Heartworm disease is a serious condition that can cause organ failure, lung diseases and even heart failure and death for pets across Santa Cruz County. This disease is generally found in dogs, cats and ferrets. Here, our veterinary team explains why prevention is so important for this dangerous condition.
What is heartworm disease?
Heartworm disease is primarily caused by a parasitic worm call dirogilaria immitis which is spread through mosquito bites.
Pets including dogs, cats and ferrets may become definitive hosts, meaning that worms live inside the animal, then mature into adults, mate and produce offspring. We call this serious condition heartworm disease because the worms live in the heart, lungs and blood vessels of an infected pet.
What are the symptoms of heartworm disease?
Heartworm disease's symptoms generally don't appear until the disease is at an advanced stage. The most common symptoms of heartworm disease can range from a swollen abdomen to weight loss, fatigue coughing and general difficulty breathing.
How does my vet check my pet for heartworms?
Your vet can complete blood tests to detect heartworm proteins (antigens), which are released into the animal's bloodstream. Heartworm proteins can't be detected until about five months (at the earliest) after an animal is bitten by an infected mosquito.
What if my pet is diagnosed with heartworms?
It's important to remember that the treatment for heartworm disease can cause significant complications and even be potentially toxic to your pet's body. Not only that, but treatment is often expensive. It requires multiple visits to the veterinarian, hospitalizations, x-rays, bloodwork and a series of injections. Because of this, we say that prevention is the absolute best treatment for heartworm disease.
That said, if your pet is diagnosed with heartworms, your vet will have treatment options available. FDA-approved melarsomine dihydrochloride is a drug that contains arsenic. It kills adult heartworms. Melarsomine dihydrochloride will be administered via injection into your pet's back muscles in order to treat the disease.

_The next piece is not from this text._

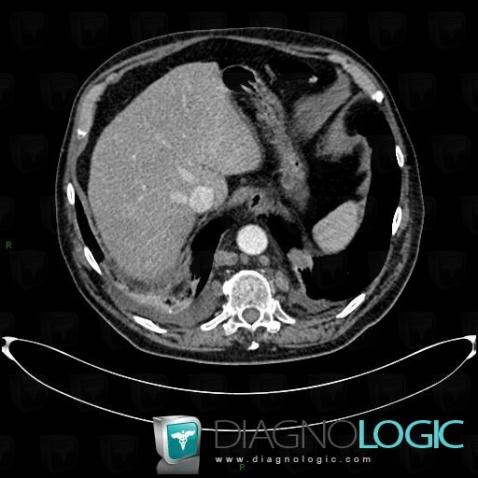 Lymphome , Médiastin, Scanner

Topical FDA-approved solutions are also available. These can help to get rid of parasites in the bloodstream when applied directly to the animal's skin.
How can I prevent my pet from getting heartworm disease?
It's important to keep your pet on preventive medication to prevent heartworm disease. Even if they are already on preventive heartworm medication, we recommend that dogs be tested for heartworms annually.
Preventing heartworm disease is much safer, easier and more affordable than treating this disease in its progressed stage. A number of different heartworm preventative medications can also help to protect your pet against other parasites like hookworms, roundworms and whipworms.